Review: ‘Who’s Nailin’ Paylin?’
How do you review something pornographic? The stigma attached puts the reviewer in a delicate position. Comparing it to other pornographic works requires a knowledge of the genre that runs the risk of branding one a pervert, and even though Pauline Kael could have opened the door for others, her insistence to cover Deep Throat was famously denied by The New Yorker’s William Shawn. What would she have said? Perhaps the closest we’ll get is her review of Last Tango in Paris, but in that Bertolucci was aiming for something other than arousal (and few would find anything arousing about post-‘50s Brando).
The basis of a review should consider what the film hopes to accomplish and then address whether it does. So what does it hope to accomplish? Arousal, yeah, and in a far second, political satire.
Shot in two days, with a 13-page script, produced by porn magnate Larry Flynt, and released on election day 2008, the film chronicles the fictionalized sexual exploits of Republican vice-presidential nominee Sarah Palin (referred to in the film as “Serra Paylin). The title role is played by performer Lisa Ann and features a collection of pornographic mainstays, including Evan Stone (Space Nuts, Pirates, Pirates II: Stagnetti’s Revenge), Jada Fire (Manhunters), and Nina Hartley (Boogie Nights, Private Encounters), along with some relative newcomers Holly West and Sindee Jennings.
The plot centers around a potential scandal resulting from Paylin’s opening three-way with two Russian soldiers that threatens to derail her political career. Among Paylin’s defenders are Faux News reporter Bill Orally (Mike Horner), whose newscasts are interspersed between the sex scenes. Rounding out the erotic content is an affair carried on by Paylin’s husband (Alex Knight) and campaign intern Holly West; two flashbacks that touch on Paylin’s college days and encounter with a snowmobile salesman; and a climatic lesbian three-way between Paylin, Hillary Clinton, and Condoleeza Rice.
So, does it work? Ha, ha. Not as satire; political commentary is sacrificed for cheap “You betcha” jokes and silly-yet-obligatory puns on “drill, baby, drill.” Okay, that’s fine. No one expects a thematically deep exploration of issues, but then why make such a big show of basing it on real people and releasing it on election day? The tone is that of a simple character smash.

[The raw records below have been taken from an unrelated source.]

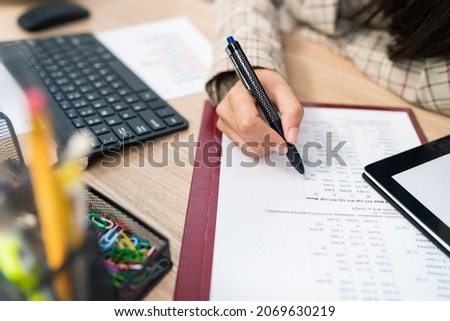 Close-up on a document, statistical table, company's calculations, an office accountant sits at the desk filling in the right places, checking the correctness, touches the paper with a pen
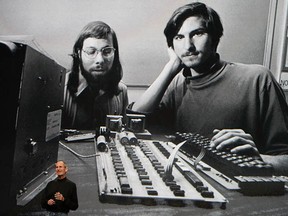 Apple Inc. CEO Steve Jobs speaks during an Apple Special Event at Yerba Buena Center for the Arts January 27, 2010 in San Francisco, California. He introduced Apple's latest creation, the iPad. A much younger Jobs can be seen in the image on  the screen behind him.  (Jobs is on the right, with him is Apple co-founder Steve Wozniak.)  (Justin Sullivan/Getty Images)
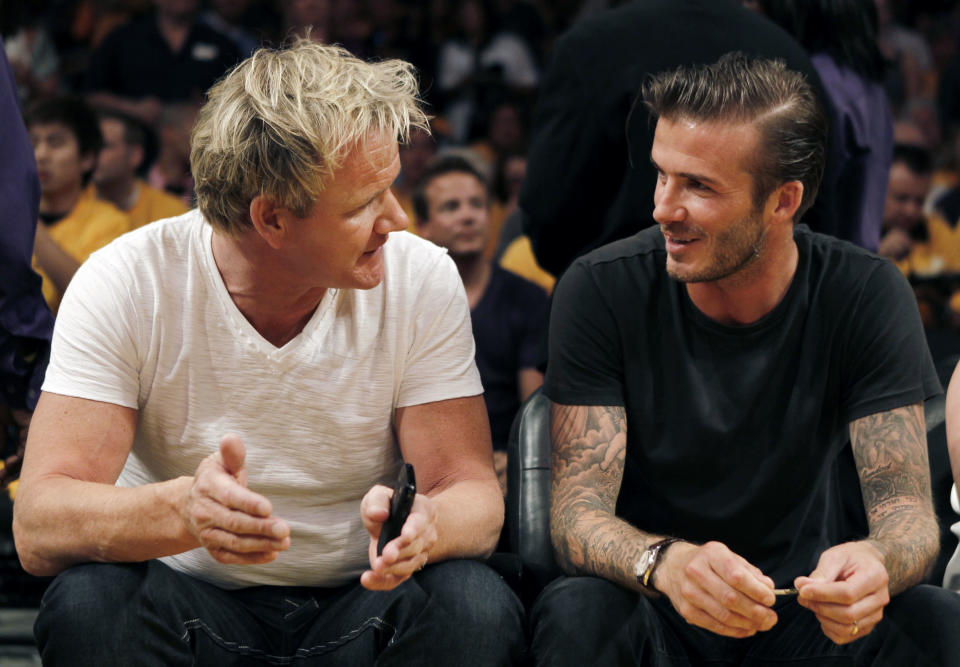 Chef Gordon Ramsay, left, and David Beckham are seen talking before Game 1 of the Los Angeles Lakers and Dallas Mavericks second-round NBA playoff basketball series Monday, May 2, 2011, in Los Angeles. (AP Photo/Matt Sayles)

That’s too bad, because Who’s Nailin’ Paylin? would benefit a lot from a lighter heart. Evan Stone, whose wry little bits of humor were welcome in Space Nuts, is wasted, as is Nina Hartley, who could have injected an air of intelligence and wit into this humorless piece. Mike Horner’s parody of Bill O’Reilly is inspired, but his role unwisely serves the film’s scant plot.
Failing satire, is it arousing? Lisa Ann doesn’t seem to be enjoying her scenes and all too-often falls back into a series of mechanical and dull groans save for the final sequence, where she plays well off the still-attractive Nina Hartley and the sensual Jada Fire who, as always, adds a touch of sophistication and voluptuousness. Holly West brings a refreshing innocence to her scene, but seems more appealing with her clothes on. Sindee Jennings as the young Serra looks to be having a good time, but is miscast due to her small chest, which makes it hard to believe that she’ll mature into 38DD Ann. Evan Stone is simply picking up a paycheck.
Paylin? does admirably run the gamut of stock scenes, covering two-male-one-female, three-female, anal, older-man-young-girl, and male-female interactions but fails to make them look pleasurable for the participants. What we’re left with is something that fails on both accounts. Clearly this was made to capitalize on the folksy attractiveness of Sarah Palin, but Who’s Nailin’ Paylin’s crucial flaw is that it doesn’t like its protagonist. Orson Welles once said something to the effect that the essence of pornography is its vicariousness, and Who’s Nailin’ Paylin? does itself no favors by distancing the viewer from its characters.